Of all the men to pin on a lawman’s badge in the old West, none was as famous, as successful nor as controversial as Wyatt Earp (1848-1929). He is most famous today for his leading role in the “Gunfight at the OK Corral”, but in his day was as well known for other exploits - not all of them particularly law abiding or respectable. Born into a farming family in Illinois, Wyatt moved west to California with the rest of his family in 1864. He then spent three years as a teamster, driving freight wagons across the western territories and states of the USA. He began his career as a lawman in Missouri in 1870, but after his wife died Wyatt seems to have taken to drink and in 1871 was charged both with failing to fulfil his duties and with stealing a horse. Wyatt went on the run and his movements over the next three years are unclear.
In October 1874, however, he arrived in Wichita, Kansas, where he was hired as a law officer in the city marshal’s office. The main task of the marshal’s office was to keep order among the hard-drinking cowboys who were paid off in the town when they delivered cattle from Texas to the railroad yards. Wyatt proved to be expert at handling the drunken disputes and outbreaks of violence. By 1876 the cattle trade had moved on to Dodge City, so Wyatt moved with it to become Assistant Marshal. It was in Dodge City that he met the professional gambler “Doc” Holliday who would become a long term friend. Wyatt’s time in Dodge City was again a success, though it was marred when he was fined $1 for hitting a woman - a prostitute with whom he was having an altercation over public behaviour.
In 1879 he moved on to the silver mining boomtown of Tombstone, Arizona, where his younger brother Virgil was Marshal. Wyatt was hired as sheriff for the rural areas around the town. Two other brothers, Morgan and Warren, arrived in 1880 and so did Doc Holliday. In February 1881 Wyatt found a stolen horse in the possession of local cattle rancher and suspected rustler, Ike Clanton. Clanton handed over the horse saying he had bought it in good faith, but the incident began the ill feeling between the Earps and the Clantons plus their friends the McLaury brothers.
On 26 October 1881, Frank McLaury, Tom McLaury, Billy Claiborne, Ike Clanton and Billy Clanton met at the OK Corral in Tombstone to discuss unspecified business. They were armed, contrary to local laws. The Earps went to arrest them, being joined on the way by Holliday. Virgil Earp called on the cowboys to throw down their guns, but they did not so Holliday drew his gun and this caused the Clantons to open fire. Soon a general gunfight was in progress. It lasted barely 30 seconds, but cost the lives of Billy Clanton, Frank McLaury and Tom McLaury, while everyone else apart from Wyatt and Ike were injured.

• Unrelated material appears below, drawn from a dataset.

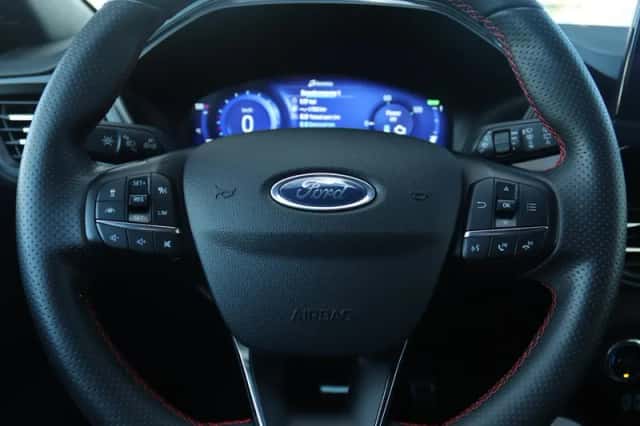 Ford Kuga (2021) thumbnail 23
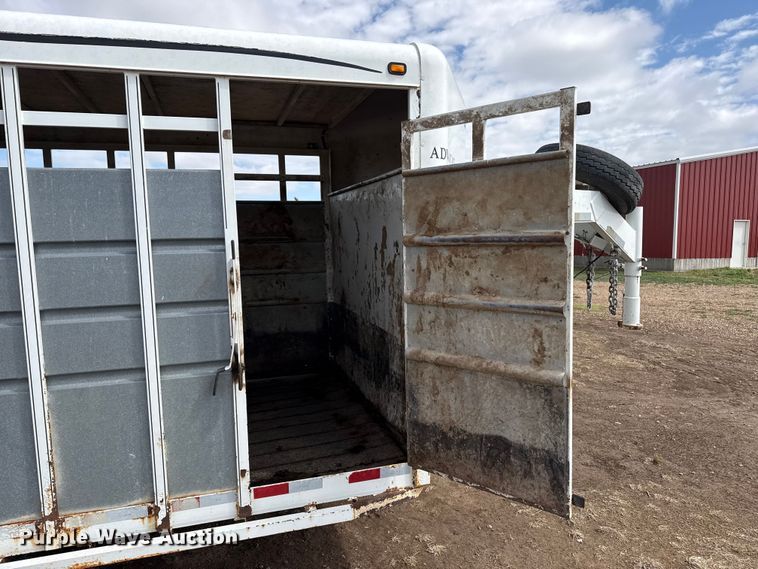 image for item DS6816 2005 Gooseneck Travalong livestock trailer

After the gunfight, Morgan Earp was murdered by men loyal to the Clantons, causing Wyatt to begin the so-called “Earp Vendetta Ride”, during which time he and Holliday shot dead all those they thought were involved in the murder of Morgan. The gunfight and the killings that followed marked the end of Wyatt’s career as a law officer. He opened a saloon in San Diego, later moving to Alaska to run a series of saloons during the gold rush.
“Fast is fine, but accuracy is everything.” Wyatt Earp when asked about the skills needed for gunfighting.
Wyatt Earp in Hollywood
In his old age, Wyatt Earp moved to Hollywood where he earned money advising film directors and actors on the old West. Movie legend John Wayne met Earp several times when he was a young actor and later said that he modelled his cowboy persona on Earp.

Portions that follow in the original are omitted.